We’ve all seen it in the movies, from Legolas in The Lord of the Rings to Robin Hood in Robin Hood: Men in Tights – an archer takes two or more arrows, pulls back and fires upon a number of enemies.
How realistic is this? Well, not too much, but there are those who’d like to pull it off regardless of it being possibly not too representative of Tolkien. I say “What the heck!”, why not provide the means to achieve this anyway.
You can implement spread shots in your game in three different ways: as a standard combat rule, an edge, or an Order ability.
By making it a standard rule, anyone with a bow can attempt such a trick, while as an edge or ability, prerequisites would restrict those who would have access to this kind of action.
|Requirements||Accurate edge -or- Bold edge; 8+ ranks in Ranged Combat:Bows|
You can make a spread shot using the optional rules described below.
When using a bow, you can spend two (2) actions to fire multiple arrows at one or more targets. (If you have the Quick-draw edge, the action cost is reduced to 1.)
Select the number of targets and the number of arrows aimed at each target. Designate one target as the primary target of the entire attack. Resolve the attack for each arrow individually, applying the penalties described below.
Range Penalty: The bow's range is reduced when making a spread shot. Divide the normal range by the number of arrows used in the shot. Determine range penalties, if any, using the reduced range.
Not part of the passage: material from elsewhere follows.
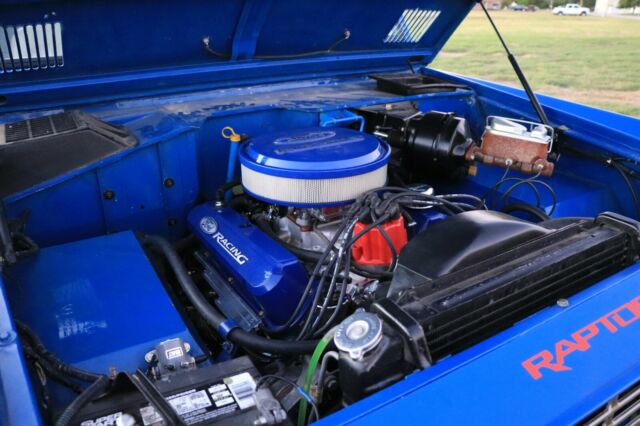 Ford Bronco 1971 image number 7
Attack Penalty: The first arrow is aimed at the primary target and suffers no attack penalty. Each arrow after the first suffers a cumulative -2 penalty to the Ranged Combat test to hit its target. For example, when firing three arrows, the second arrow suffers a -2 penalty and the third arrow suffers a -4 penalty.
Damage Penalty: The damage of each arrow is reduced by one (1) point for each arrow after the first that you fire in a spread shot. For example, when firing three arrows, each arrow's damage is reduced by 2.